____ Dataset content
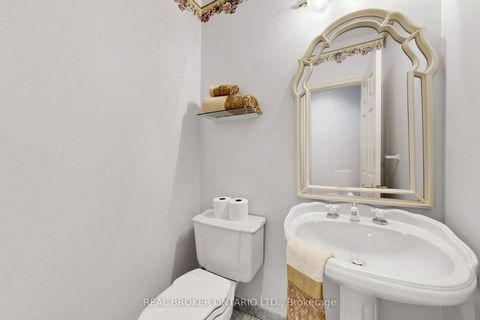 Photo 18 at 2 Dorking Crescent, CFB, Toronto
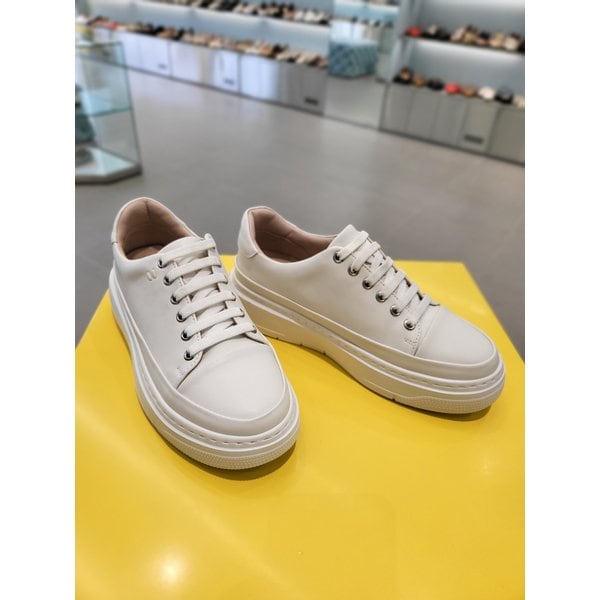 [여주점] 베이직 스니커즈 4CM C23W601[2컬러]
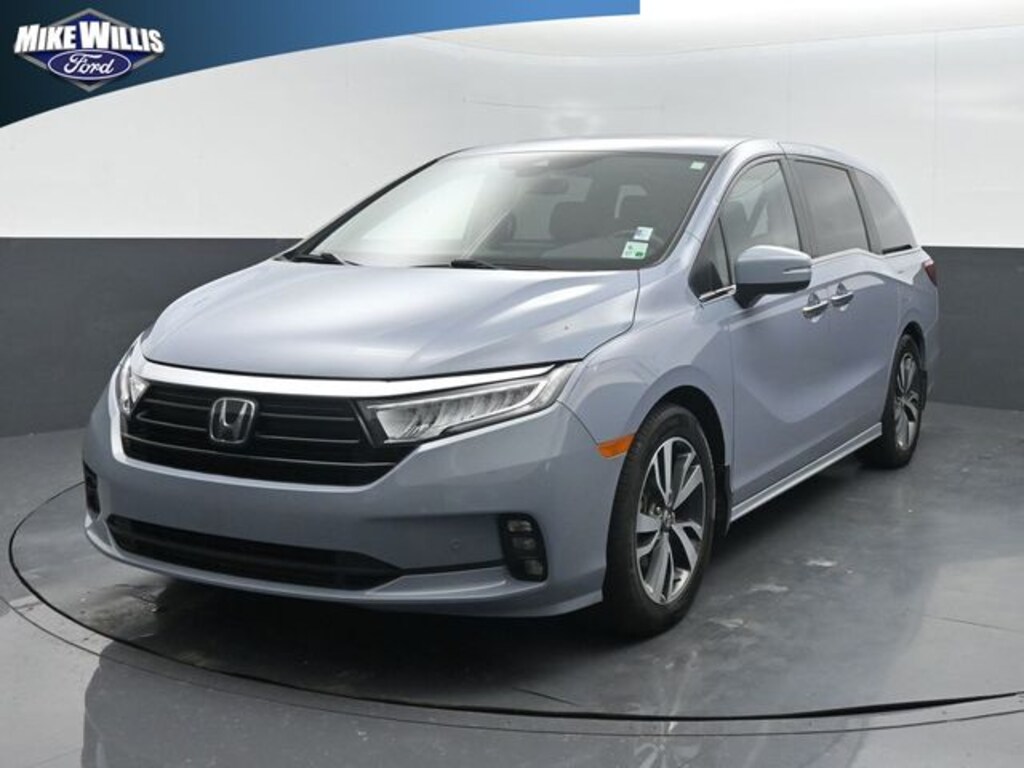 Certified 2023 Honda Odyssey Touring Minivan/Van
________
Activity
What is needed is an exact transcription of the lines from the one holding "[여주점] 베이직 스니커즈 4CM C23W601[2컬러]" to the end of the data, with every picture left out.

Answer to this exercise
 [여주점] 베이직 스니커즈 4CM C23W601[2컬러]
 Certified 2023 Honda Odyssey Touring Minivan/Van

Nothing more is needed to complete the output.